2. Die Schwierigkeiten zwischen der Schweiz und Italien in Fragen der Steuer- und Finanzpolitik betreffen zwar nur einen Teilbereich der bilateralen Beziehungen, sie könnten aber das Potenzial haben, auf die weitere Zusammenarbeit abzufärben. Obwohl die Beziehungen zu Italien insbesondere für den Wirtschafts- und Finanzplatz Tessin von grosser Bedeutung sind, handelt es sich bei den derzeitigen Schwierigkeiten nicht um ein reines Tessiner Problem. Beispielsweise sind Unternehmen aus der ganzen Schweiz von Fragen des Marktzutritts betroffen, denn Italien ist der drittwichtigste Exportmarkt der Schweiz. Damit gemeinsame Lösungen gefunden werden können, soll nach Ansicht der Bündner Regierung die Wiederaufnahme des Dialogs zwischen der Schweiz und Italien im Zentrum der Bemühungen von Bund und Kantonen stehen. Hierzu sind sämtliche im Rahmen des Gesetzes liegende Möglichkeiten auszuschöpfen. Die Bündner Regierung pflegt einen intensiven Kontakt mit der Tessiner Regierung. In die laufenden Diskussionen im Kanton Tessin rund um die Grenzgängerbesteuerung ist sie aber nicht direkt involviert. Die aktuellen Entwicklungen, wonach die Schweiz und Italien den politischen Willen zu konstruktiven Diskussionen im Hinblick auf die Lösung der Steuerproblematik signalisierten und per September 2011 Gespräche auf Stufe der Finanzministerien planen, stimmt im Hinblick auf die Weiterführung der engen bilateralen Beziehungen zuversichtlich.

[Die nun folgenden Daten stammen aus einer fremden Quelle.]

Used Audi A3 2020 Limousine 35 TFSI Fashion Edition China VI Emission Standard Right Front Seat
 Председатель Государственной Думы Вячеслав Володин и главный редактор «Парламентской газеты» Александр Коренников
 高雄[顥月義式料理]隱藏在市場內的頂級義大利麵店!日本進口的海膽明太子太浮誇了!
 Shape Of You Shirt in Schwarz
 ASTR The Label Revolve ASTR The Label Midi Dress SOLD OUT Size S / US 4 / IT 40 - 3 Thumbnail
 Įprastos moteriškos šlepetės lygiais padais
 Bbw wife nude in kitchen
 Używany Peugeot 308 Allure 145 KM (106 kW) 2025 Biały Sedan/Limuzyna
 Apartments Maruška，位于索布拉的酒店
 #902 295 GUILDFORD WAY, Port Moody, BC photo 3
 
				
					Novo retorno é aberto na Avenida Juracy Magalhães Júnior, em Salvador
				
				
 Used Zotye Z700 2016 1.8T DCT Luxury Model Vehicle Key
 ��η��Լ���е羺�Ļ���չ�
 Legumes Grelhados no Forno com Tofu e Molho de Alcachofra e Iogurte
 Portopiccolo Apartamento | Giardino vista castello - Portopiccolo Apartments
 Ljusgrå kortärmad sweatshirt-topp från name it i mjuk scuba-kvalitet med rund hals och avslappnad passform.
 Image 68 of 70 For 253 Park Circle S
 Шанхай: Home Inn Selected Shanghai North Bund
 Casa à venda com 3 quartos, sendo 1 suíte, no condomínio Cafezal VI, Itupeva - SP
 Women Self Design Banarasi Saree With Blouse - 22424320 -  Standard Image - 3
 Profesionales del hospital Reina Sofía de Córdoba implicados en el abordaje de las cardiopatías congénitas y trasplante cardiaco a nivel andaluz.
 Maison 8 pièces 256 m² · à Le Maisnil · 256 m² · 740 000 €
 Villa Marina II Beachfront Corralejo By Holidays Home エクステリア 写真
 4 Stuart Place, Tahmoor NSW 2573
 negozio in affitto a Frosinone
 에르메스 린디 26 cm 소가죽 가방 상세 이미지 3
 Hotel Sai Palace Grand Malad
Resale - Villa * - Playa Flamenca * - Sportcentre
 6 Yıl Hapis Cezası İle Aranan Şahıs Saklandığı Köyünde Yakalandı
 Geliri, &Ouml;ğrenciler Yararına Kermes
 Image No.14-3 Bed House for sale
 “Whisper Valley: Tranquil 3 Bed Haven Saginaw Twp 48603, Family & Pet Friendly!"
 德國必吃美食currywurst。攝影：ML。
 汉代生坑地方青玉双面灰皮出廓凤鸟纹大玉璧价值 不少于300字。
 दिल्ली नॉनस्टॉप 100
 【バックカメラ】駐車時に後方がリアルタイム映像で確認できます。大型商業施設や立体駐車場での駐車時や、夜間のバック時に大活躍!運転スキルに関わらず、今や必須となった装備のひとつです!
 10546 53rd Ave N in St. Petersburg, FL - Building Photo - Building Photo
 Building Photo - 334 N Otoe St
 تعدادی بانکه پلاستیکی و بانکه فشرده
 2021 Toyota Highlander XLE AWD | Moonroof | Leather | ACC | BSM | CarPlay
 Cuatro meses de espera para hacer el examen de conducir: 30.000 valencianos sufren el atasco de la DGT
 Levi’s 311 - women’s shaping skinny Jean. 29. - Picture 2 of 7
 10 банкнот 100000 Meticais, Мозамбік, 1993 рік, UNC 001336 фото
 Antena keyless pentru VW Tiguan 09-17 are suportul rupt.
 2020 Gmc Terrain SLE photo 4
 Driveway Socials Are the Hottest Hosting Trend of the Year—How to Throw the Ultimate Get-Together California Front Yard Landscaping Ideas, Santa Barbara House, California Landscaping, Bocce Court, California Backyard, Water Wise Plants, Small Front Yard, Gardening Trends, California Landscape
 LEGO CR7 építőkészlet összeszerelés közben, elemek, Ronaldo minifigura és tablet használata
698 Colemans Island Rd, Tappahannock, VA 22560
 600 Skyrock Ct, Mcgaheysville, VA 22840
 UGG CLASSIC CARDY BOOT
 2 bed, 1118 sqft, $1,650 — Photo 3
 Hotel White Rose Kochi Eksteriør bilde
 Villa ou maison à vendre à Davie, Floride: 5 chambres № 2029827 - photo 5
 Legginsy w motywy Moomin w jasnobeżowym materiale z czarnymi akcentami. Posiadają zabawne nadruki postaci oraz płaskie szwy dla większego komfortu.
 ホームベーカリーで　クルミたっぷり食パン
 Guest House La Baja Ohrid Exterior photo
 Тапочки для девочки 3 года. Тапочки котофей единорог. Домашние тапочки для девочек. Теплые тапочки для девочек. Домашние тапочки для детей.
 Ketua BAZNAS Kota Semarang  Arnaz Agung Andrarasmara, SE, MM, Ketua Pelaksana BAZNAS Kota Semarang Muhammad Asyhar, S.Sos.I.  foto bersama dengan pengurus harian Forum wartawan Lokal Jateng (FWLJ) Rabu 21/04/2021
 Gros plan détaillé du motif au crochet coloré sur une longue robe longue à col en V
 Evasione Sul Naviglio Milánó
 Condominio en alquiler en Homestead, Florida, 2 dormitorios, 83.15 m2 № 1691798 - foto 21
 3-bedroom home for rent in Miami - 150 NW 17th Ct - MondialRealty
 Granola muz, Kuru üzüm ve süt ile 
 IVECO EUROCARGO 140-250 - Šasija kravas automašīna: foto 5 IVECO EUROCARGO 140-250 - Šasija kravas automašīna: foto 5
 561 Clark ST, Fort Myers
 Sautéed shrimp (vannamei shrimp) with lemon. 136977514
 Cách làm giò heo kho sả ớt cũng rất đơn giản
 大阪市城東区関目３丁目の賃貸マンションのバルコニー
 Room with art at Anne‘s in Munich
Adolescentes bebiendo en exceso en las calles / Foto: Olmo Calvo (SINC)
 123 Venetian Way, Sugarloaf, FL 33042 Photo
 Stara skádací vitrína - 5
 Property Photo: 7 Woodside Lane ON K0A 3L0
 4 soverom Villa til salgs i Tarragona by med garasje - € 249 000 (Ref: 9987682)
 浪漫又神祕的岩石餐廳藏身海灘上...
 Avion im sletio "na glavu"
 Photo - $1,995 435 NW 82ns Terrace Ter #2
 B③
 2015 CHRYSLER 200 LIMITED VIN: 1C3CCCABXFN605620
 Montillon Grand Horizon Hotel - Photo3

3. Es entspricht einer langjährigen und gefestigten Praxis, dass sich die Regierung des Kantons Graubündens nicht zu Fragestellungen anderer Kantone äussert und diese öffentlich kommentiert. Sofern Interessen des Kantons Graubündens tangiert sind, wahrt die Bündner Regierung diese im Rahmen der gesetzlichen Möglichkeiten.